Blackwell's bet I have read about Blackwell's bet paradox on Futility closet. Here is the summary: you are presented with two envelopes, $E_x$ and $E_y$. The envelopes contain a random amount of money, but you don't know anything about the distribution about the money. You open one, check how much money is in there ($x$), and have to choose: take the envelope $E_x$ or $E_y$?
Futility Closet refers to a mathematician called Leonard Wapner: “Unexpectedly, there is something you can do, short of opening the other envelope, to give yourself a better than even chance of getting it right.”
The idea, which seems wrong to me, is as follows: choose a random number $d$. If $d < x$, take $E_x$. If $d > x$, choose $E_y$. 

Wapner: “If d falls between x and y then your prediction (as indicated
  by d) is guaranteed to be correct. Assume this occurs with probability
  p. If d falls less than both x and y, then your prediction will be
  correct only in the event your chosen number x is the larger of the
  two. There is a 50 percent chance of this. Similarly, if d is greater
  than both numbers, your prediction will be correct only if your chosen
  number is the smaller of the two. This occurs with a 50 percent
  probability as well.”

If the probability that $d$ is in $[x,y]$ is greater than zero, then the average success of this method is $\frac{1}{2} + \frac{p}{2}$. This would mean that by observing an unrelated random variable gives us additional information.
I think that this is all wrong, and that the problem lies in choosing a random -integer- number.
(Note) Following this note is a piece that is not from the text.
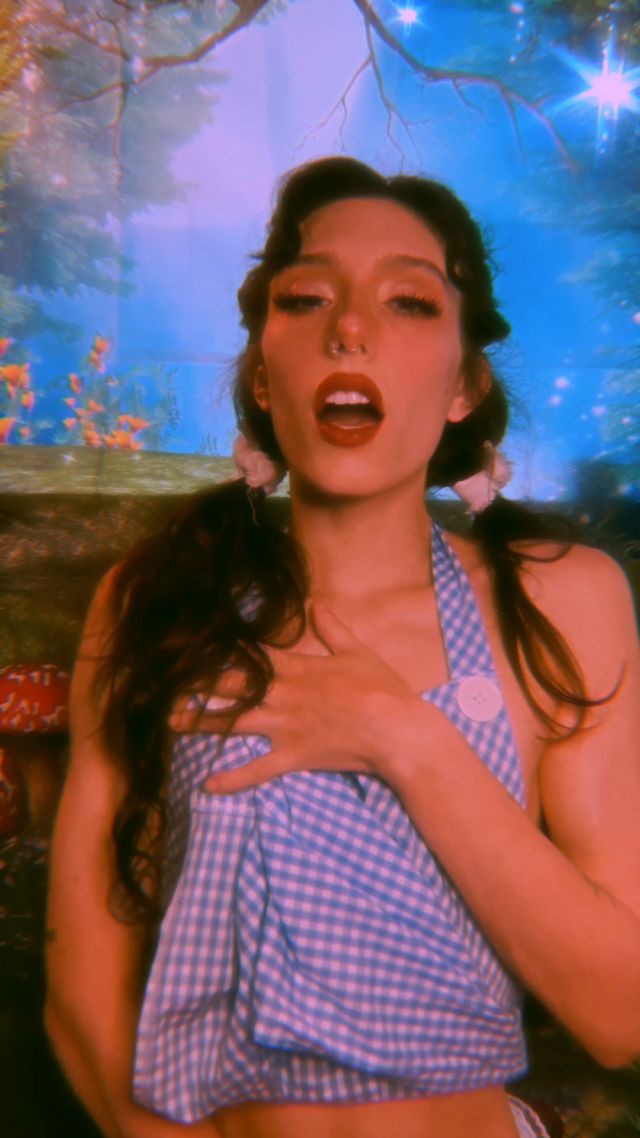 Elle Marz - Adult Dorothy cosplay agony 00010 Elle Marz - Adult Dorothy cosplay agony 00010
What does it mean? Like, any integer? In that case, the probability $p$ that $d$ lies between $x$ and $y$ is zero, because both $x$ and $y$ are finite. 
If we say that there is a limit on the maximal amount of money, say $M$, or at least we choose d from $1...M$, then the recipe boils down to the trivial advice of choosing $E_y$ if $x < M/2$ and choosing $E_x$ if $x > M/2$.
Do I miss something here?
EDIT
OK, now I begin to see where the apparent paradox comes from. It seemed to me impossible that an unrelated random variable can provide additional information.
However, note that we need to consciously choose a distribution of d. For example, choose the boundaries for a uniform distribution, or $\lambda$ of the Poissionian distribution etc. Clearly, if we are playing for peanuts, and we chose the distribution of d to be uniform on $[10^9, 2\cdot 10^9]$ dollars, $P(d \in (x,y)) = 0$. This last probability will depend first and foremost on our judgement of what can be in the envelopes.
In other words, if the technique works, then the assumption that we do not know what is the distribution of the money in the envelopes (how the amount of money for the envelopes was chosen) is violated. However, if we truly don't know what is in the envelopes, then in the worst case scenario, we don't loose anything by applying it.
EDIT 2
Another thought. Given $x$, let us choose, for drawing $d$, a continuous non-negative distribution such that $P(d < x) = P(d > x)$. We are allowed to do that, am I correct? We proceed as instructed - if $d < x$, we keep the envelope, if $d > x$, we change the envelope. The reasoning does not change, depending how we choose the distribution it can be that $P(d \in [x, y]) > 0$ (or am I mistaken?).
However, given how we chose the distribution, what we now do is equivalent to a coin toss. We toss a coin, and if it is heads, we change envelopes, if it is tails, we stick to the envelope we hold. Where am I wrong?
EDIT 3:
OK, I get it now. If we base the probability function of $d$ on $x$ (e.g., we sample $d$ from an uniform distribution in range $(1, 2 \cdot x)$, then probability $P(d \in (x,y))$ is not independent of $P(\text{correct decision}|d \notin (x,y))$.
So, if $d \in (x,y)$ (with probability $p$), the guess is always correct, as before. If $x$ is the lower number, however, and $d \notin (x,y)$, than $d$ has a higher chance to be lower than $x$ than being higher than $x$, so we are biased towards an incorrect decision. Same reasoning applies when $x$ is the higher of the two numbers.
That means that we have to choose the process of drawing $d$ independently of $x$. In other words, we need to make a guess about parameters of distribution from which $x$ and $y$ are drawn; worst that happens is that we still guess randomly, but best what happens is that our guess was correct -- and then we have an advantage. How this should be better than guessing "x and y will, I think, be at least 1\$, but at most 10\$, so if $x > 5$, we keep it, and if not, we exchange it" I am yet to see.
I was mislead by the pop-sci formulation of the problem in Wapner's book (Unexpected Expectations: The Curiosities of a Mathematical Crystal Ball), which states

"By any means whatsoever, select a random positive integer" (Wapner
  suggests a geometric distribution -- tossing coins until the first
  heads come up, repeating the process if $d=x$) "If $d > x$ guess
  higher and if $d < x$ guess lower. (...) You will guess correctly more
  than 50 percent of the time because $d$ points correctly more than 50
  percent of the time!"

 A: This is more widely known as the two-envelope problem. Most commonly the amounts are given as $A$ and $2A$ but it's not required that this be the case.
Some points:


*

*You cannot choose a random integer uniformly*, but the quoted part doesn't seem to require it be uniform. Choose a distribution - it doesn't matter what it is for the argument - as long as it has some probability of exceeding any finite value.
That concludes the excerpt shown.